[[ Data block open ]]

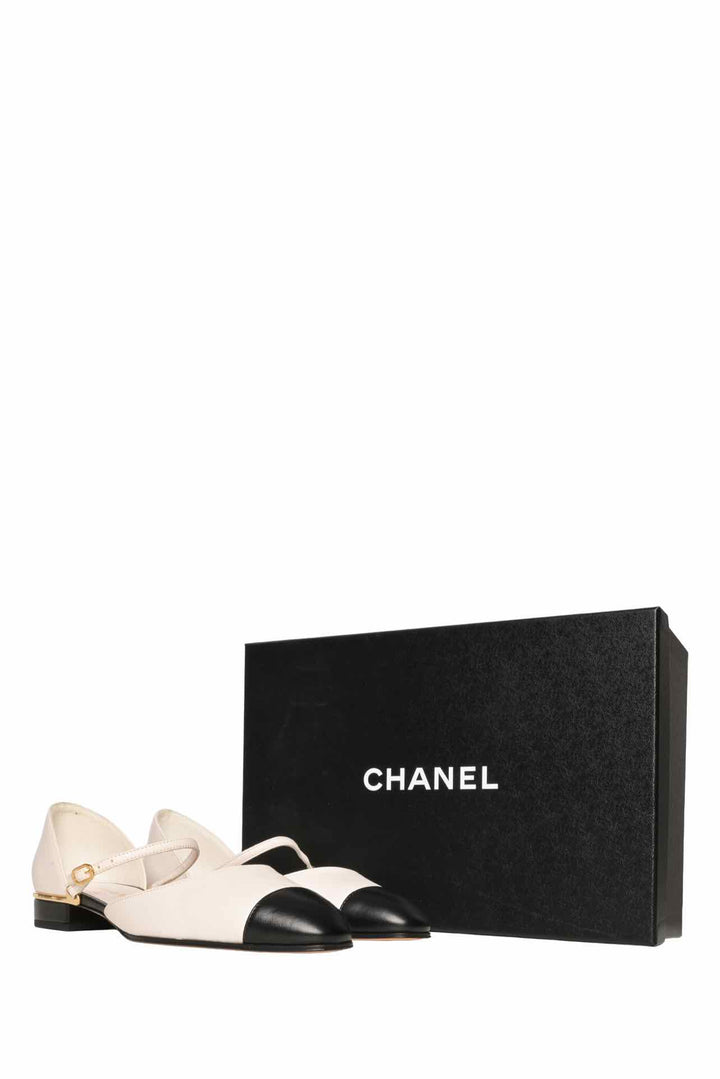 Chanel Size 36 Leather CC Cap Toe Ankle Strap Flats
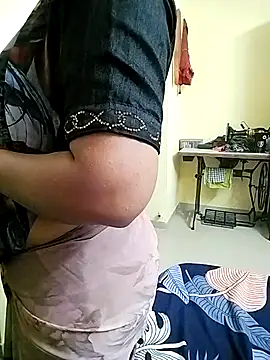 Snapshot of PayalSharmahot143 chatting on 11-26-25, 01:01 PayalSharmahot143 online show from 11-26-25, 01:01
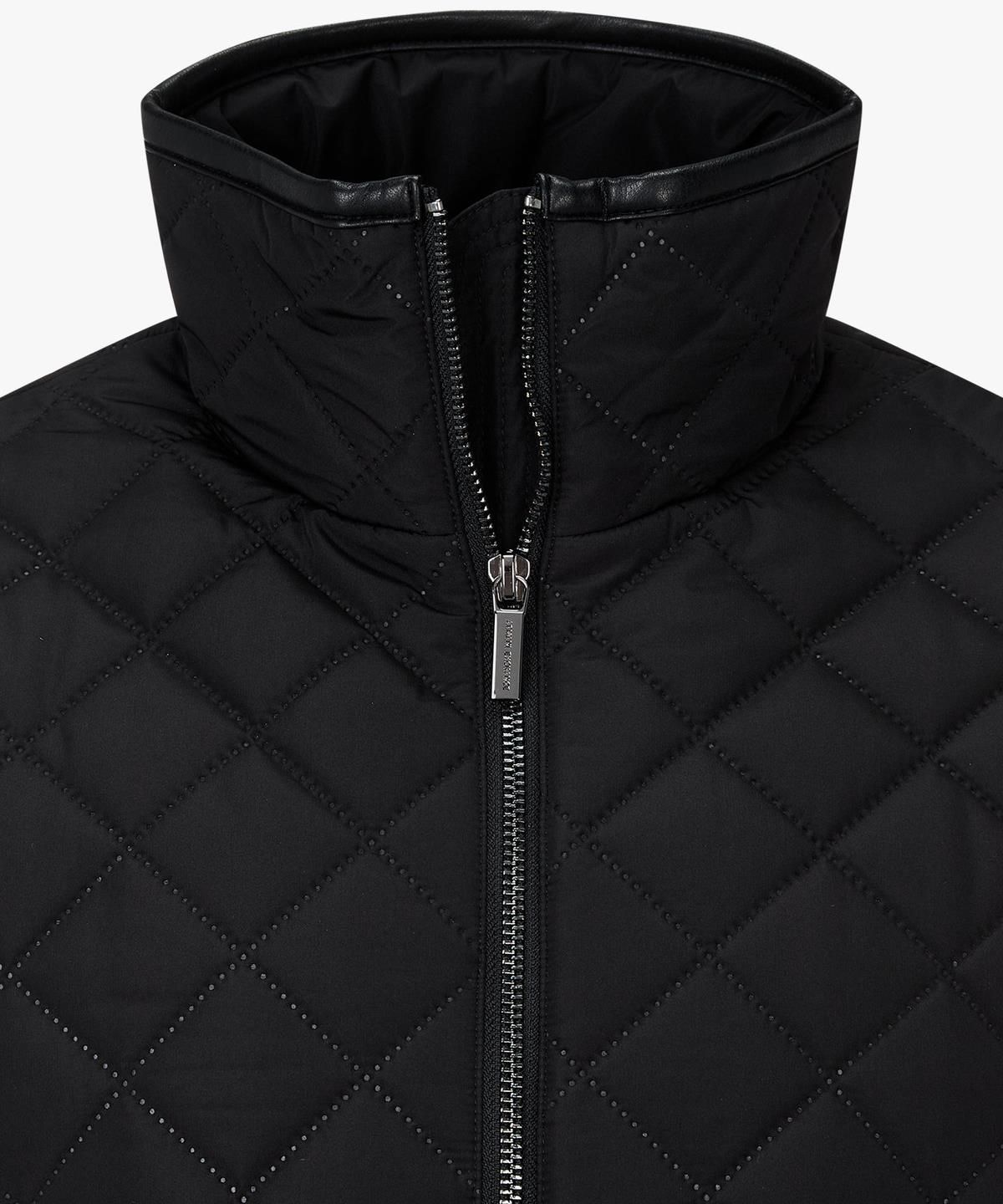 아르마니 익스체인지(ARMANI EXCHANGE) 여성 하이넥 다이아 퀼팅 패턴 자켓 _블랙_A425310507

[[ Data block closed ]]

About this task: All of the material should be written out again exactly, apart from the pictures.

Your solution:
 Chanel Size 36 Leather CC Cap Toe Ankle Strap Flats
 Snapshot of PayalSharmahot143 chatting on 11-26-25, 01:01 PayalSharmahot143 online show from 11-26-25, 01:01
 아르마니 익스체인지(ARMANI EXCHANGE) 여성 하이넥 다이아 퀼팅 패턴 자켓 _블랙_A425310507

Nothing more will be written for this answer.